Prominente Gastauftritte

"Gib dem Kaninchen eine Möhre extra! Es hat uns das Leben gerettet... Tschüss!" In der Liste der skurrilsten Promi-Auftritte steht der ehemalige Bundestrainer Berti Vogts mit seinem Gastspiel in "Habgier" 1999 unangefochten auf Platz eins. Überhaupt: Der Einsatz von Fußballgrößen im "Tatort" gehört eigentlich verboten. War Kaninchenfreund Vogts wenigsten noch unfreiwillig komisch, geriet der 2011er Fall "Im Abseits" zur Fremdschäm-Farce: DFB-Chef Theo Zwanziger, Bundestrainer Jogi Löw und Team-Manager Oliver Bierhoff boten darin ihr gesamtes schauspielerisches Talent auf.
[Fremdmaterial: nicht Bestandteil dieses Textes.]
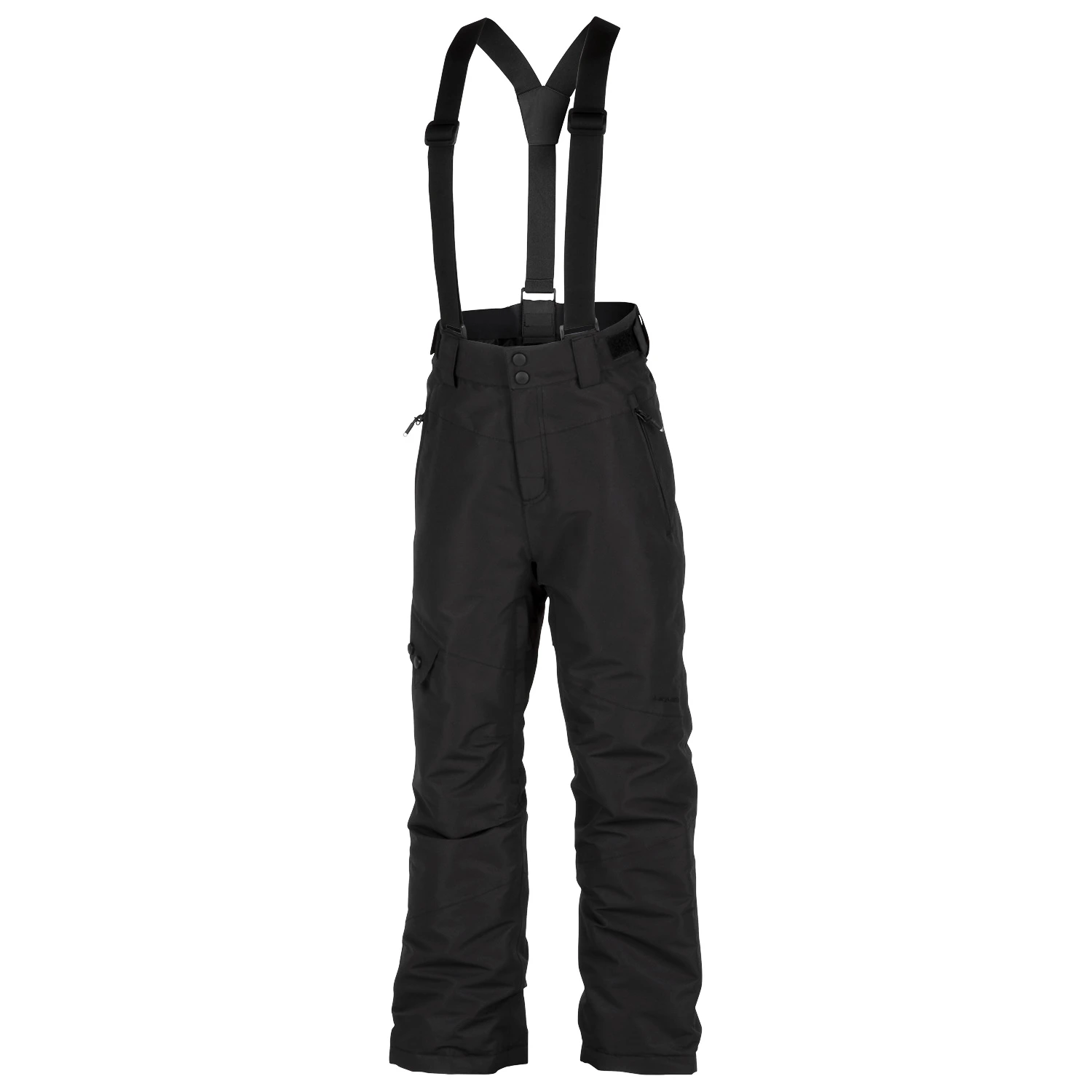 Liquid Girls' Star Suspender Snow Pants - Image 2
Es nutzte allerdings alles nichts: Der Film um einen Mord im Fußball-Milieu gehört zu den peinlichsten Tiefpunkten in der Krimi-Historie.
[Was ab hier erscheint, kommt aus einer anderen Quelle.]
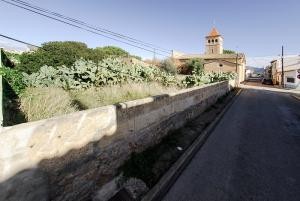 Colonia de San Pedro urban plots for..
Weitere Stars, die im "Tatort" irgendwie ziemlich fehl am Platz waren, sind der mittlerweile verstorbene Modezar Rudolph Moshammer und seine Hündin Daisy ("Blaues Blut", 2000), Dieter Bohlen ("Moltke", 1988) und Udo Lindenberg ("Kneipenbekanntschaften", 1974). Außerdem gaben sich in den letzten Jahren unter anderem Schlagersänger Roland Kaiser, Boxer Arthur Abraham, Tagesthemen-Moderator Tom Buhrow oder auch Jörg Pilawa die Ehre.

Die Leichen im Keller

Sagenumwoben sind die sogenannten "Giftschrank-Folgen". Dabei handelt es sich um Fälle, die mit einem senderinternen Sperrvermerk versehen sind, sprich: die aus den unterschiedlichsten Gründen bis auf Weiteres nicht mehr wiederholt werden. Derzeit betrifft das sechs Folgen. "Wem Ehre gebührt" (NDR, 23.12.2007) zog damals den Zorn der alevitischen Gemeinde auf sich, die dem Film vorwarf, alte Vorurteile zu befeuern. Schon im Vorfeld hatte der Krimi eine politische Debatte losgetreten. "Der gelbe Unterrock" (SWF, 10.02.1980) wurde vom SWF schlicht und ergreifend als zu schlecht eingestuft. Außerdem bis auf weiteres gesperrt sind: "Der Fall Geisterbahn" (HR, 12.2.1972), "Mit nackten Füssen" (HR, 09.03.1980), "Tod im Jaguar" (SFB, 09.06.1996) und "Krokodilwächter" (SFB, 10.11.1996).